What about following code
MyClass a(new Foo(), new Bar());
if "new Foo()" is successful, but "new Bar()" throws, will Foo leak?
Is taking
std::unique_ptr<Foo>
or
std::shared_ptr<Foo>
as parameters, enough to prevent the leak?
if "new Foo()" is successful, but "new Bar()" throws, does Foo will leak?
Yes.
Is taking [...] as parameters, enough to prevent the leak?
Not necessarily. It depends on how you pass the parameters.
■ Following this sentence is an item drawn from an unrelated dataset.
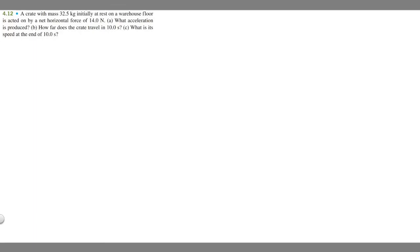In this problem, we're told a crate with a mass of 32.5 kilograms, initially at rest on a warehouse floor, is acted on by a net horizontal force of 14 newtons. Part A: what acceleration is produced? Part B: how far does the crate travel in 10 seconds? And Part C: what is its speed at the end of the 10 seconds?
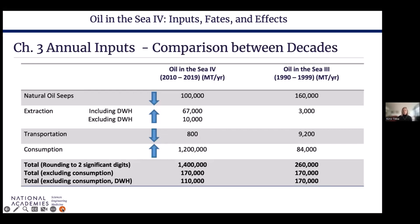The 2003 report covered accidental spill statistics over a 10-year period from 1990 to 1999, and this report covers the period from 2010 to 2019. Data is reported in metric tons for consistency. Although we found data lacking in many areas for accurately estimating inputs into North American waters, the committee concluded that enough data do exist to at least understand the trends and, in many cases, to provide more precise estimations of annual volumes.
For instance, even supposed your class constructor looks like this:
MyClass::MyClass(std::unique_ptr<Foo> foo, std::unique_ptr<Bar> bar)
The following may still cause a leak:
MyClass a(std::unique_ptr<Foo>(new Foo()), std::unique_ptr<Bar>(new Bar())
That is because the compiler may is allowed to evaluate the above expressions in the following order:
new Foo()
new Bar()
std::unique_ptr<Foo>
temporary from the result of 1. std::unique_ptr<Bar>
temporary from the result of 2. If 2) throws an exception, you've lost your Foo
.
However, it is possible to make this safe by using std::make_unique<>()
(C++14 only) or std::make_shared<>()
, like so:
MyClass a(std::make_unique<Foo>(), std::make_unique<Bar>());
Now no leak could possibly happen, because std::make_unique<>()
(and std::make_shared<>()
) immediately associate the object they create to the corresponding smart pointer, without these two operations (dynamic allocation and construction of the smart pointer) being interleaved with any other operation.